What you will do:
After finding the line with "Lvsngare Willow Warbler" in the data below, set down exactly each line through the one with "9 - Щуп, ссек, огузок, победерок", inclusive, and stop there.

Data section:
______

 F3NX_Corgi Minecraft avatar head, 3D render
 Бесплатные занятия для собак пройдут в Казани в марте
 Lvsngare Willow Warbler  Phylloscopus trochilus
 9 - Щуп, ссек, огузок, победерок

______

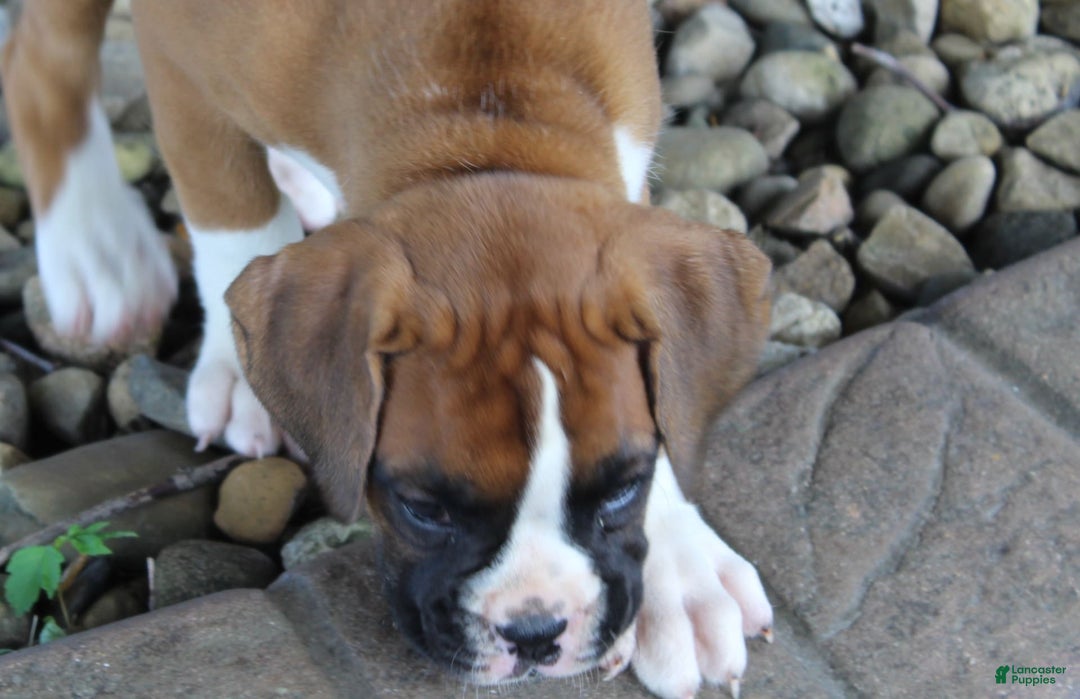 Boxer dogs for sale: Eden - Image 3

______

Reply:
 Lvsngare Willow Warbler  Phylloscopus trochilus
 9 - Щуп, ссек, огузок, победерок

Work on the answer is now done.